The Larus gulls interbreed in a ring around the arctic.
1: Larus argentatus argentatus, 2: Larus fuscus (sensu stricto), 3: Larus fuscus heuglini, 4: Larus argentatus birulai, 5: Larus argentatus vegae, 6: Larus argentatus smithsonianus, 7: Larus argentatus argenteus

Ring species are a distinct type of cline where the geographical distribution in question is circular in shape, so that the two ends of the cline overlap with one another, giving two adjacent populations that rarely interbreed due to the cumulative effect of the many changes in phenotype along the cline. The populations elsewhere along the cline interbreed with their geographically adjacent populations as in a standard cline. In the case of Larus gulls, the habitats of the end populations even overlap, which introduces questions as to what constitutes a species: nowhere along the cline can a line be drawn between the populations, but they are unable to interbreed.

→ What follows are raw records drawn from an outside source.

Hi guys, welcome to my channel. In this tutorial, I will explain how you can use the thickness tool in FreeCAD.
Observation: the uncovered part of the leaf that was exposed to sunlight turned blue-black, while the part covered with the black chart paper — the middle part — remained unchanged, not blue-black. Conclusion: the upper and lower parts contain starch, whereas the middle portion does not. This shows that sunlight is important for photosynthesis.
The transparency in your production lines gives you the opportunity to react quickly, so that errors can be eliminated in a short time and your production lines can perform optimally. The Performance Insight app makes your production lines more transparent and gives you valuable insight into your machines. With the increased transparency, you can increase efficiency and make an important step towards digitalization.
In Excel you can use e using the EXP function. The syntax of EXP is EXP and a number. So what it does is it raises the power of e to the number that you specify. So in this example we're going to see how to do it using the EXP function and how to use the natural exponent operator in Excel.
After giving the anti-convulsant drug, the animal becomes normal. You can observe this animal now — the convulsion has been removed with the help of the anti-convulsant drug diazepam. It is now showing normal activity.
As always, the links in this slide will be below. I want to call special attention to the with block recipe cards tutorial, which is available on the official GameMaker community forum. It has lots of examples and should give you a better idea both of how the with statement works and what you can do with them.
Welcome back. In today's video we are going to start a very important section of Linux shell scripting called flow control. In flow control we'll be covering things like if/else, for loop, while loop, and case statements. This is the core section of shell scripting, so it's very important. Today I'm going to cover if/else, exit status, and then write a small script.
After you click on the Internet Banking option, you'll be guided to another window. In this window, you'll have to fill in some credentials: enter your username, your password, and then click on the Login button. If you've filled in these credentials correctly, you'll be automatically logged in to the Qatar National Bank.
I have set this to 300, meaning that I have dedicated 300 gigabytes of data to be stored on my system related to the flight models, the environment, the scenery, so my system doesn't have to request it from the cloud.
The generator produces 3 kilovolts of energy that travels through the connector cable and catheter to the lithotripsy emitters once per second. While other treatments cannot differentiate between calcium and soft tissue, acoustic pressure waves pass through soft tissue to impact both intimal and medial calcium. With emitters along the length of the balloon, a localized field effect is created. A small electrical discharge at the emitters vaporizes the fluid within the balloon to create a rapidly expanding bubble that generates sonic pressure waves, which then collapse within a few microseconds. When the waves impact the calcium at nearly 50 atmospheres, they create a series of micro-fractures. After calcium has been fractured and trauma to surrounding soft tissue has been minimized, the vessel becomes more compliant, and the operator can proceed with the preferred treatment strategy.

In humans, clines in the frequency of blood types has allowed scientists to infer past population migrations. For example, the Type B blood group reaches its highest frequency in Asia, but become less frequent further west. From this, it has been possible to infer that some Asian populations migrated towards Europe around 2,000 years ago, causing genetic admixture in an isolation by distance model. In contrast to this cline, blood Type A shows the reverse pattern, reaching its highest frequency in Europe and declining in frequency towards Asia.